Fiduciary Concerns on the Rise, Advisers Say

Three out of four advisers have observed heightened fiduciary concerns from plan sponsors since last year, according to a survey by Putnam Investments.

The Putnam survey of 154 retirement plan advisers found that advisers see fiduciary concerns as an important issue for plan sponsors; favor target-date-type products; and, amid fee regulation, think their fees are on par with industry standards. The advisers surveyed were seasoned in the retirement business: 75% have been in the business for more than five years, and for about two-thirds (64.9%) of the advisers, retirement plans make up 75% or more of their new business.

The number of advisers who choose to act as fiduciary or co-fiduciary verse those that do not is relatively split.

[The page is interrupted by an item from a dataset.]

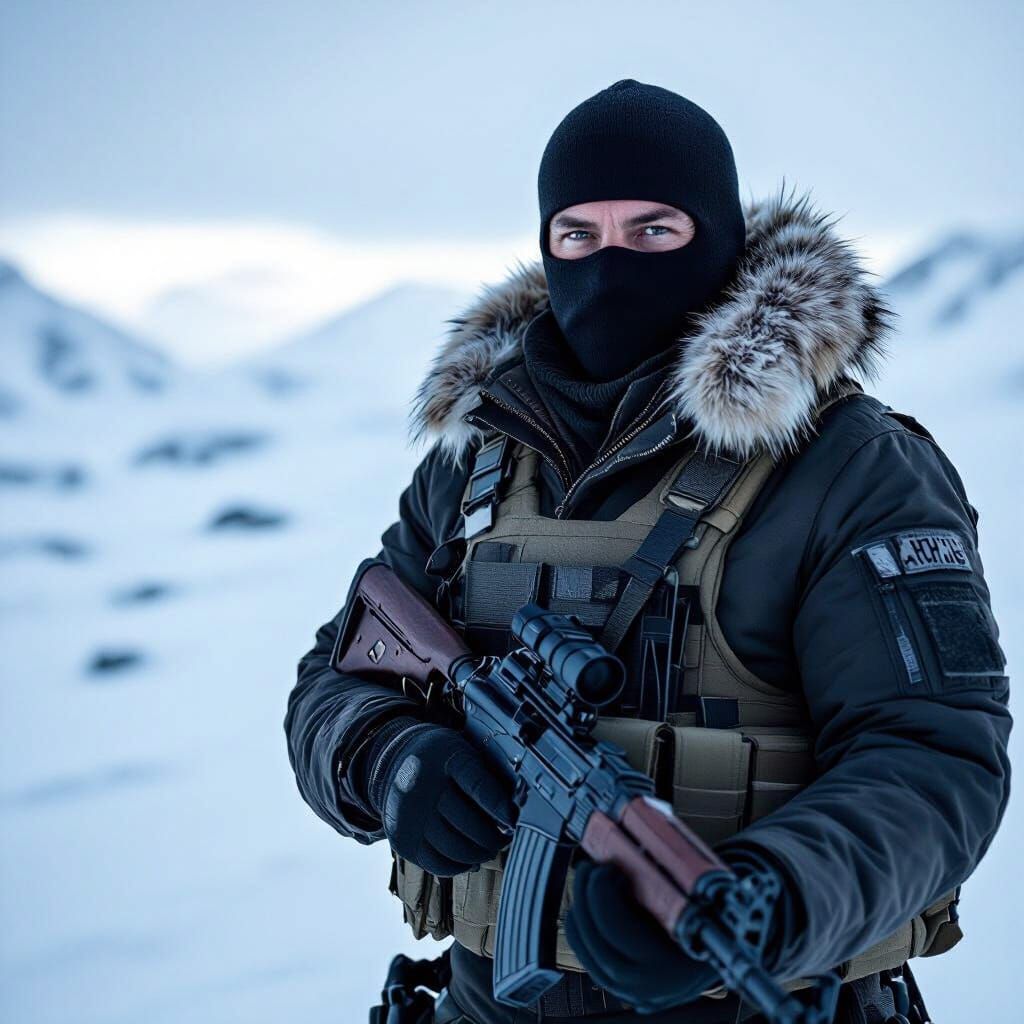 Arctic Survival: Man with AKMS in Snowstorm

According to the survey data, almost half of advisers now act as fiduciary or co-fiduciary for the plans they manage; 51% do not sign as fiduciary.

Advisers surveyed said fiduciary tool kits provide the most valuable support to them and their clients (92% listed them as “critical” or “valuable”), followed by fiduciary insurance (74%) and warranty or guarantee programs with shared responsibility (65%).

Staying in Line

The majority of respondents said they feel their fees are reasonable and in line with industry standards (73.2%), but many are looking to compare their fees with industry standards, the survey found.

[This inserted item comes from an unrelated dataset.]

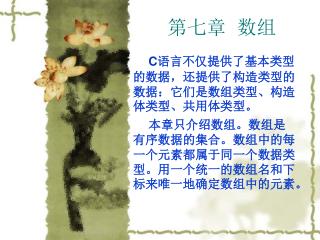 第七章 数组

Adviser respondents said they would likely take a variety of steps in response to current legislation pertaining to the reasonableness of 401(k) fees. The largest number (46.6%) said they would need to provide industry statistics to position their compensation in relation to the industry average. Almost 40% said they will undertake a review of all fees related to the investment options and search for lower fee replacements. A chunk of advisers (28%) also said they will complete an RFP to be sure they are getting the most value in terms of services and investments. About 20% said they will consider index funds as a cheaper alternative, and about 24% answered “none of the above’ (advisers were allowed to select more than one response).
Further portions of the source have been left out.